Available data
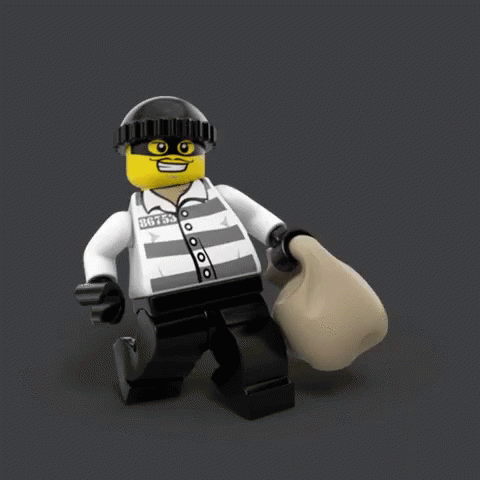 Lego Prisoner Holding Bag Of Money GIF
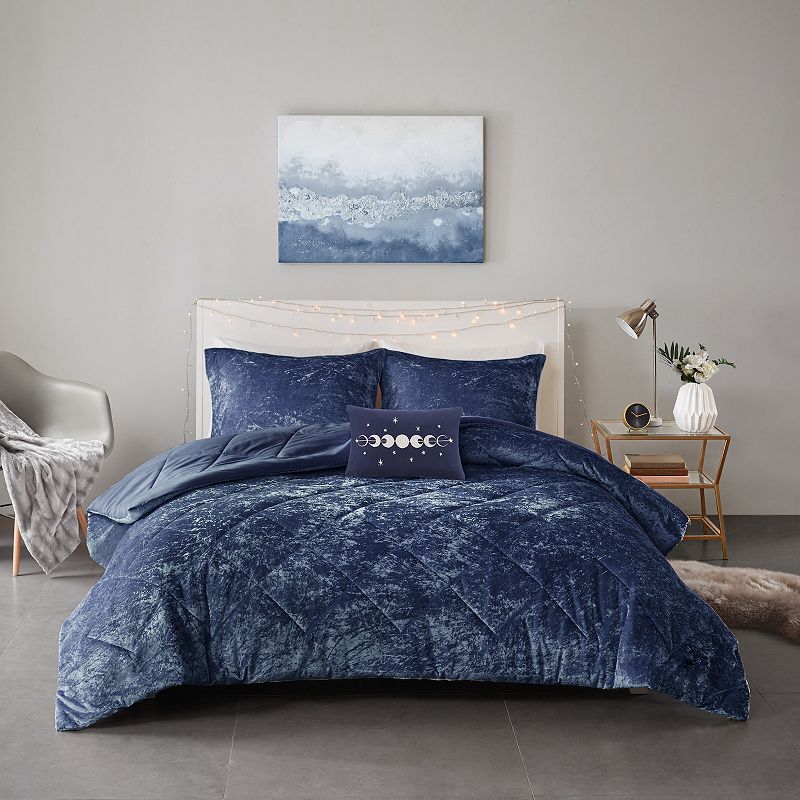Intelligent Design Isabel Velvet Comforter Set, Blue, Twin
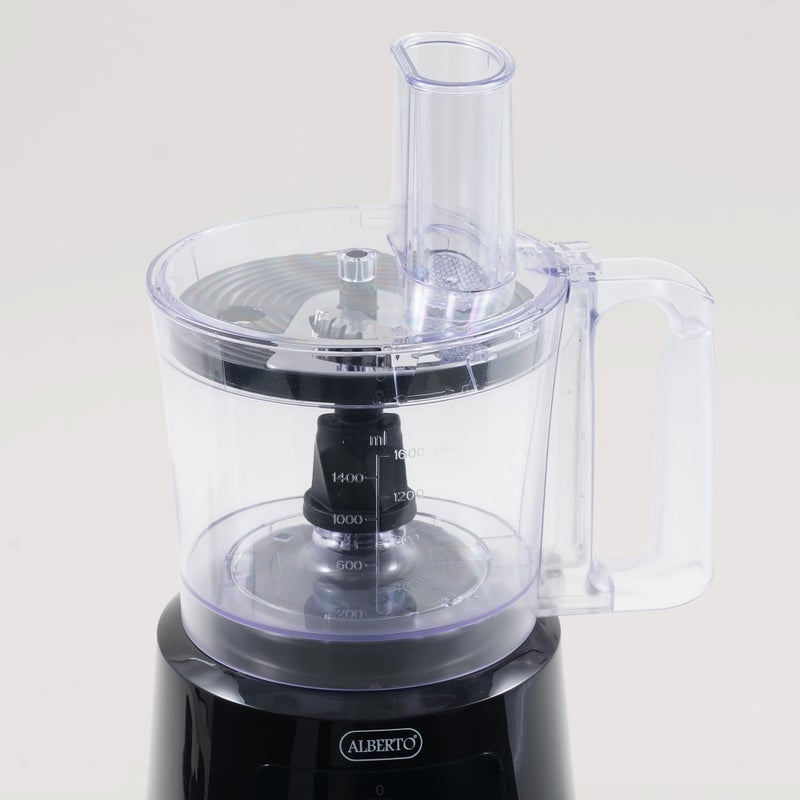 ألبرتو محضرة طعام بولي بروبيلين بشفرات ستانلس ستيل مع وعاء 1.6 لتر وخلاط 1.5 لتر، أسود 800 واط - Image 3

What you have to do
Repeat the data above exactly, leaving out any pictures it holds.

The answer
 Lego Prisoner Holding Bag Of Money GIF
Intelligent Design Isabel Velvet Comforter Set, Blue, Twin
 ألبرتو محضرة طعام بولي بروبيلين بشفرات ستانلس ستيل مع وعاء 1.6 لتر وخلاط 1.5 لتر، أسود 800 واط - Image 3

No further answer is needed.